Art Hash: Art, Blended
As I write, I’m recalling a conversation between me and a seat mate while flying from Los Angles to NYC: A glass of wine lubricating the awkward friendship strike-up on account of nothing more than bodily proximity–and a need (at least for the stir crazy among us) to pass the time with something more stimulating than the in-flight magazine–meant hours of talk with the man next to me on everything from travel to politics–and eventually, with the Rockies below us, a good old-fashioned debate on the merits of black and white photography versus color.
I remember siding with black-and-white, asserting that nothing, absolutely nothing, brings home the stillness of a moment, that sensation of holding your breath while moved to image engagement and empathy like an image shot in black and white. My erstwhile companion lamented that the lack of color does nothing but deaden realistic emotion.
Well, it’s been a few months since then, and thanks to a fresh eye on the work of German-born contemporary photographer Wolfgang Tillmans, I’ve reached the middle ground of artistic compromise and appreciation–with a heaping of praise on the side for the color image.

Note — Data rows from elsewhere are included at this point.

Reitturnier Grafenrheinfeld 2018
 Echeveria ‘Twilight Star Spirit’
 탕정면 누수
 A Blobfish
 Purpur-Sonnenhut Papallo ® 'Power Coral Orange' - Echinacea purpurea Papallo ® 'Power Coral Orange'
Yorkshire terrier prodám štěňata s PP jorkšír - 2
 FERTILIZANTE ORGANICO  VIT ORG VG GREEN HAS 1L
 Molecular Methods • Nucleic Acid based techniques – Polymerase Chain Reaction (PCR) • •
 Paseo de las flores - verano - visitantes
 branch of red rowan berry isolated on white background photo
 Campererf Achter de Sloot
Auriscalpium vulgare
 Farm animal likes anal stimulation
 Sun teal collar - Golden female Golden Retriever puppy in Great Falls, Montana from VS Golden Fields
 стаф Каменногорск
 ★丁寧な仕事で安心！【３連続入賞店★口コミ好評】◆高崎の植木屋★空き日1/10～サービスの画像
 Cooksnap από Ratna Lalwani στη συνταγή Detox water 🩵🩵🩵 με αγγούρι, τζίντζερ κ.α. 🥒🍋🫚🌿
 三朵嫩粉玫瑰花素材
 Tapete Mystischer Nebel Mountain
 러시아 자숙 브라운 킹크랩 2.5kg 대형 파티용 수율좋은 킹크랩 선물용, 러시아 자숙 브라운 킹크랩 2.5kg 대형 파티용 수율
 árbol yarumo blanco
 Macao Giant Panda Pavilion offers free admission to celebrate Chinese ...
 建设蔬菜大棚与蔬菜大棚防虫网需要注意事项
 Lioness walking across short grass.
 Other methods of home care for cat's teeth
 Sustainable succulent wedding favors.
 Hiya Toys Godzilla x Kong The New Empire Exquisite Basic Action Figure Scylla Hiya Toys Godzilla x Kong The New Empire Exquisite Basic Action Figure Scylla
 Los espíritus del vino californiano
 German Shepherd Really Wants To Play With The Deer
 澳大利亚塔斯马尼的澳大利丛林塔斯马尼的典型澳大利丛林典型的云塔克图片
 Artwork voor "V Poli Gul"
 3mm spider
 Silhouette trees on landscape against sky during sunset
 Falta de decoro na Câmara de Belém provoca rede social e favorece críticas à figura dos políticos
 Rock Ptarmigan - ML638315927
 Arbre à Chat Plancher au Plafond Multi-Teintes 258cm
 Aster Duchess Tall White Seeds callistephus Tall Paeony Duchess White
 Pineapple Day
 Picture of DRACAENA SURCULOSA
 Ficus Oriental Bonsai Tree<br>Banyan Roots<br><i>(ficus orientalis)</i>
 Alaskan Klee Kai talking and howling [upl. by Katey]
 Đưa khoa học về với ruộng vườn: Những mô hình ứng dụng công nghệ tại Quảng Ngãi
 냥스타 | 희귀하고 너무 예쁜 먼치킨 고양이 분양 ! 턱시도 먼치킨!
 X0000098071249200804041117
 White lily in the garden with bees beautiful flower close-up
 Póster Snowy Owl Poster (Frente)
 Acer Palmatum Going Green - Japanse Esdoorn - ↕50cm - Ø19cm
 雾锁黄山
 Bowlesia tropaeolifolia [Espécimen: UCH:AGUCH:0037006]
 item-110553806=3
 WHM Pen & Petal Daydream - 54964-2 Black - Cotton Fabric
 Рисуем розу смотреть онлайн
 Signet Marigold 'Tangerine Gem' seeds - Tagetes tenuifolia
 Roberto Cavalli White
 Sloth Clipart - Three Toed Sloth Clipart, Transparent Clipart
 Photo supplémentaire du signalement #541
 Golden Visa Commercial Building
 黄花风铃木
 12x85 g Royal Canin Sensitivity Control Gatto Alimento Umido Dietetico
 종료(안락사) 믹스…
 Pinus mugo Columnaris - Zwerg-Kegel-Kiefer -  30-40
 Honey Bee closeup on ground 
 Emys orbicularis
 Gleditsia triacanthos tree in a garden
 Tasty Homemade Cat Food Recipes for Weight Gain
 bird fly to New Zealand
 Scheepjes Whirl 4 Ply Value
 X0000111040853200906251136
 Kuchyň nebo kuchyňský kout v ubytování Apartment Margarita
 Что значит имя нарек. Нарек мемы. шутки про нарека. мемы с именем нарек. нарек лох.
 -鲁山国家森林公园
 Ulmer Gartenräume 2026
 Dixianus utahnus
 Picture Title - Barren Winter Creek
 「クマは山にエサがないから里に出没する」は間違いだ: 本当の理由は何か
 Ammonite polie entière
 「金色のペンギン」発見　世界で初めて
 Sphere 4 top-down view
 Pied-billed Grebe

Tillmans has been shifting our understanding of photography for over two decades: He’s broken barriers related to art shot behind a lens and, in the process, moved from everyday objects and life-as-it-happens to pure abstraction in the process. His earlier work looked at the fragility of the human experience (as well as everyday still life), and in the latter realm, the artist has been able to experiment with various technical processes–creating images that seem to “poof” out of electricity and smoke. With Tillman yet in the prime of his career ( he was born in 1968), fans of his work have much to anticipate in the years ahead as he continues his quest for photographic boundary pushing.
Caveat–Tillmans work is definitively atypical, and there’s a constant debate in the community about whether or not he is a true artist with a camera. Looking to nab a work for your halls? Decide for yourself what his work means to you, and your response to art in general–and then look at what the art investors have to say.